> [TASK DETAILS] Reproduce exactly the lines below, from the first one through the line containing "Our LARGEST primary", and omit any pictures.

> [EXERCISE DATA]
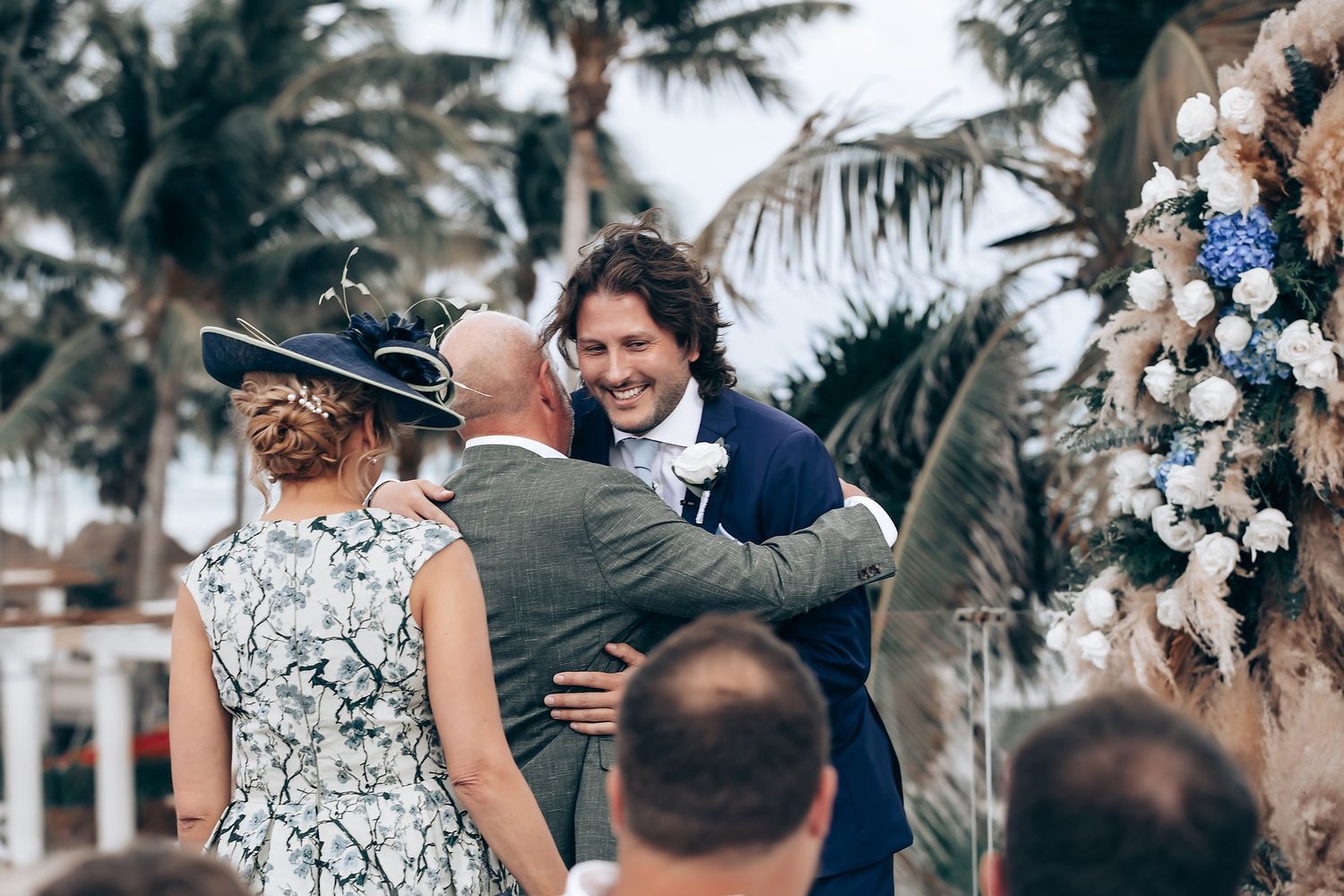 An outdoor wedding ceremony under palm trees with guests gathered around a floral arch.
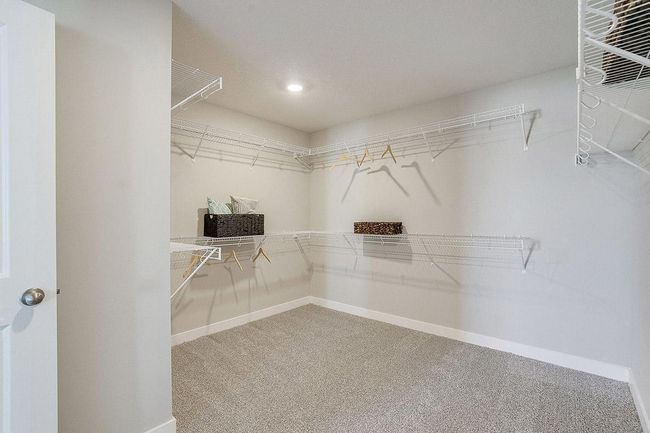 Our LARGEST primary suite walk-in closet! Time to go shopping! Photo of model home, color and options will vary. | Image 15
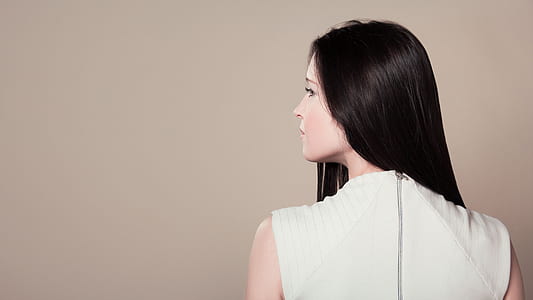 woman wearing white sleeveless shirt thumbnail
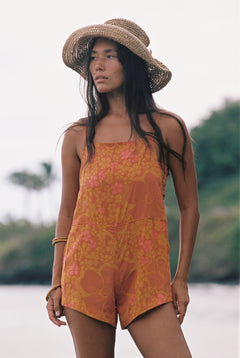 woman with brown hair wearing an orange overall style romper with rumi bandeau underneath with puakenikeni print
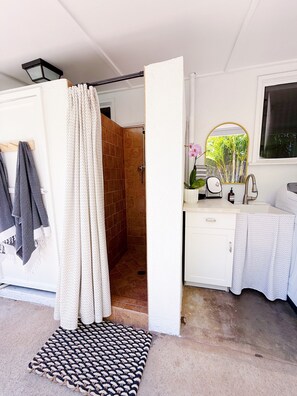 A bathroom with a shower, a sink, and a mirror.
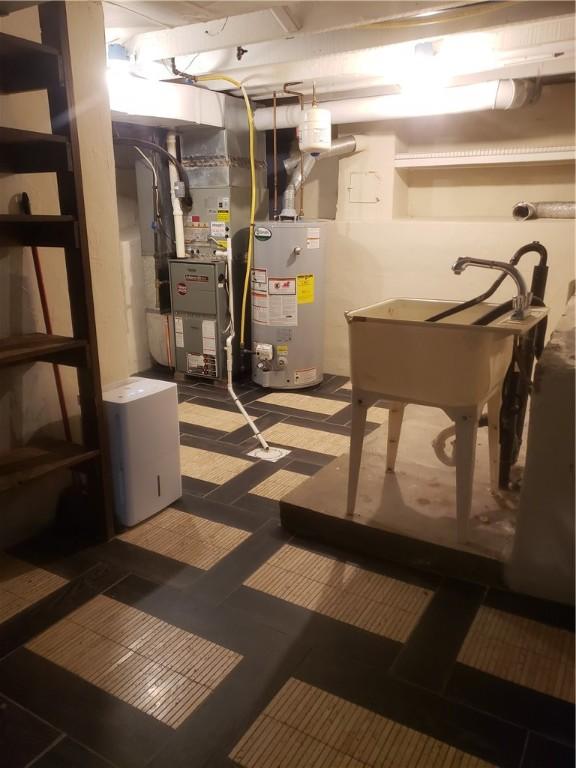 utility room with heating unit, sink, and water heater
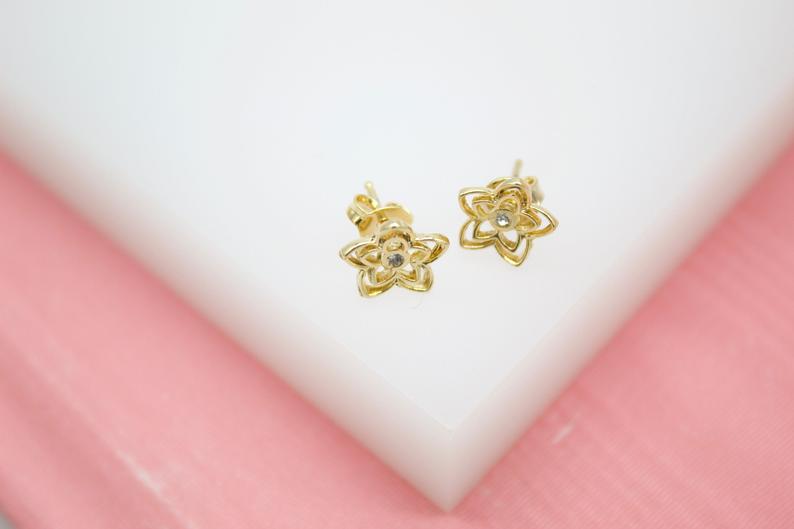 A pair of gold flower stud earrings with sparkling crystal centers rests on a white display surface.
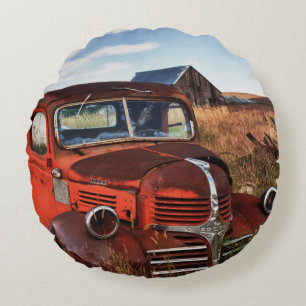 Rusting orange Dodge truck with abandoned farm Round Cushion
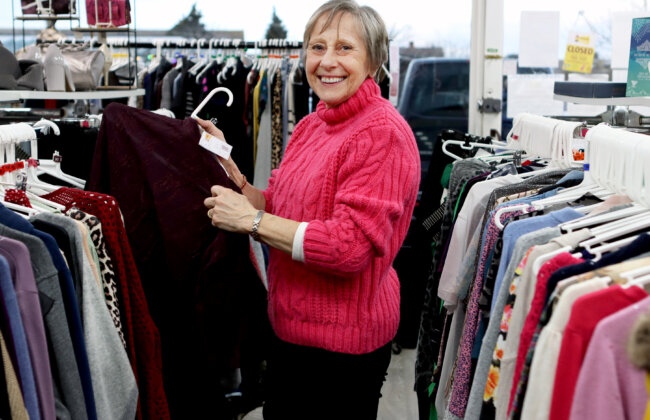 Farleigh Hospice retail volunteer sorting clothing inside a one of our shops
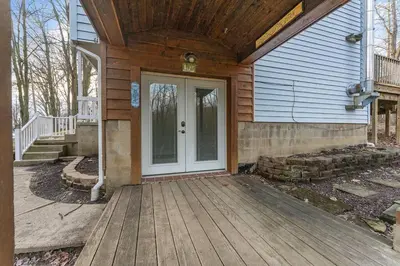 a house with a wooden porch with a white door at Come indulge and escape away! in Salem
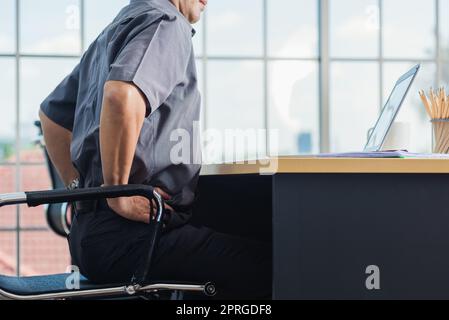 senior businessman working with laptop computer has a problem with back pain Stock Photo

> [EXERCISE RESPONSE]
 An outdoor wedding ceremony under palm trees with guests gathered around a floral arch.
 Our LARGEST primary suite walk-in closet! Time to go shopping! Photo of model home, color and options will vary. | Image 15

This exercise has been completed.